O desejo dos jovens da época era, com grande ênfase, um bom emprego, e eu, sempre enxerguei muito além de um bom emprego. O que conseguiria com esse bom emprego. Com 25 anos fui admitido numa grande empresa, situada na Avenida Paulista. Com mais ou menos três anos nessa empresa tive a sorte de receber várias promoções e passar a receber salário acima da média dos funcionários e isto me deu um certo status dentro da companhia.
O presidente dessa empresa, tinha uma filha que havia desquitado fazia pouco tempo. Depois desse episódio começou a fazer coisas extravagantes como pedir ao tesoureiro grandes somas em dinheiro para passar os fins de semana em sua mansão do Guarujá. Colocaram-na em minha sala com objetivo de, além das minhas tarefas normais, cuidar para que ela não ultrapassasse os limites da normalidade, mesmo para uma mulher extremamente rica.
Com alguns meses criamos alguma amizade e confidencialidade em relação aos problemas que a afligiam, especialmente como uma mulher destituída de beleza exterior mas com um enorme potencial pureza de sentimento e até um certo grau de ingenuidade. Chegava às segundas feiras, com ar contraído, tensa, raivosa até. Nestes dias nem bom dia falava e eu respeitava seus sentimentos. Ficava calado até que seu semblante desanuviasse. Mais tarde começava a desfiar um rosário de tristezas e se declarava uma pessoa muito infeliz, mesmo tendo mansões, carros de grande luxo, helicóptero, motorista particular, roupas caríssimas e muitas outras coisas que alguém muito rico tem, sem sequer se lembrar do valor de cada item. Sua vida, com tudo isso era muito triste e vazia.
Como ela era fluente em inglês, as vezes para motivá-la, pedia algumas explicações sobre textos que trazia das aulas, o que ela se prontificava com grande prazer, acredito que por sentir-se útil. Certa vez estávamos traduzindo a letra da musica "Feelings" e pedi a ela que traduzisse simultaneamente à leitura, de forma mais fiel possível. Ela terminou falando a letra em prantos, chorando compulsivamente. Neste momento falei francamente a ela, com todo cuidado para não ferir os sentimentos já debilitados. O que você precisa são objetivos de vida, você está aberta às tristezas e não tem espaço para alegrias e isso poderá achar numa missão qualquer, como a de dar aulas de conversação em inglês para alunos do idioma. Citei a minha classe que estava carente em conversação.

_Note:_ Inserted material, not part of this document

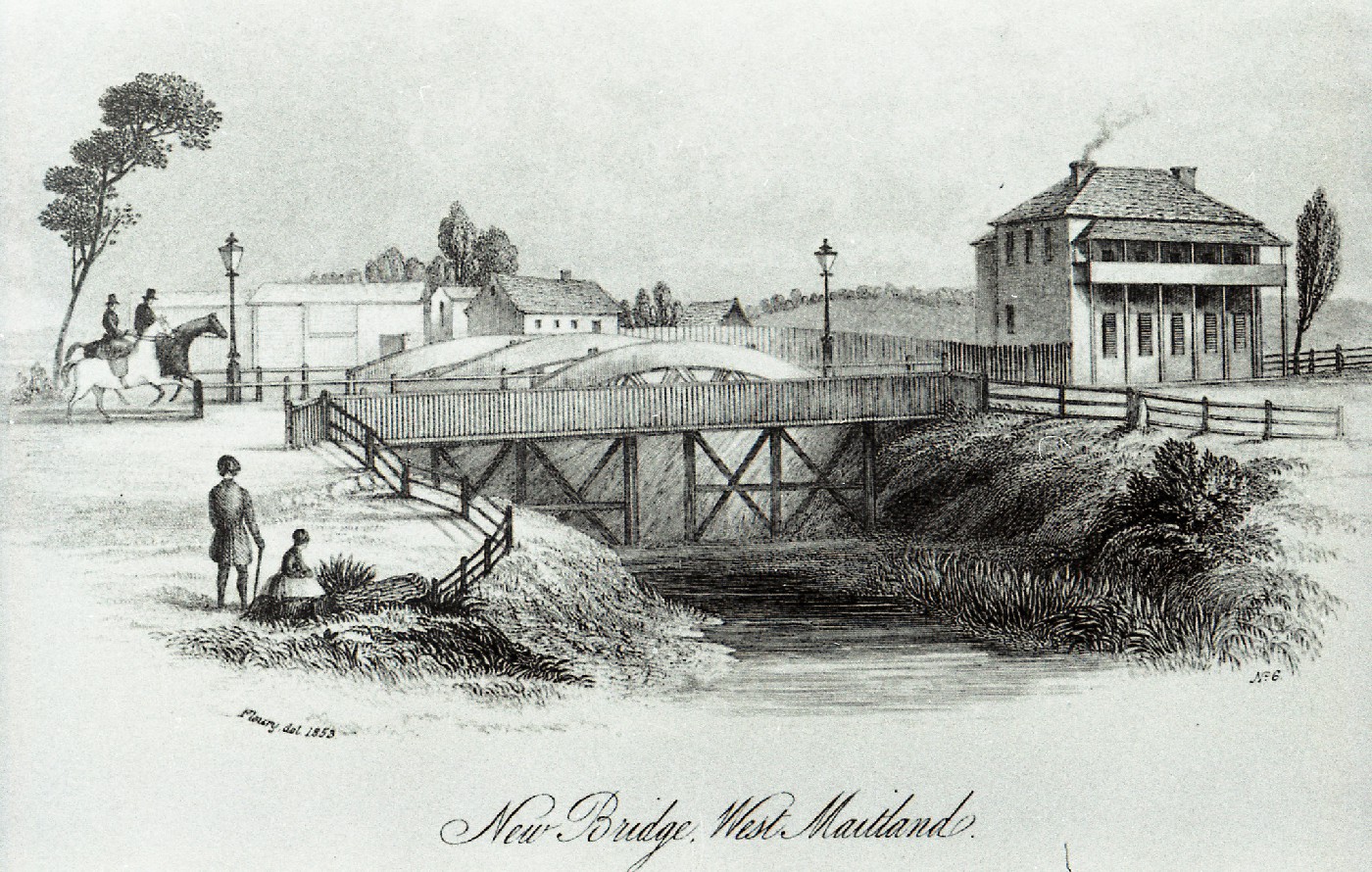 New Bridge, West Maitland, Frederick Terry, 1853
John Turner Collection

Ela aceitou e naquela mesma semana começou a dar aulas de conversação para a minha classe de 8 alunos. No inicio meio ressabiada, mas integrou-se conosco e com pouco tempo dava largas risadas com nossos erros e se transformou numa pessoa feliz, pelo menos sob nossas vistas. Com o passar dos anos conclui que o dinheiro traz prazeres, alegrias de viver são muito mais simples do que imaginamos. Porém a felicidade está muito mais ligada aos afetos e atenções do que aos bens materiais, em especial, ao dinheiro.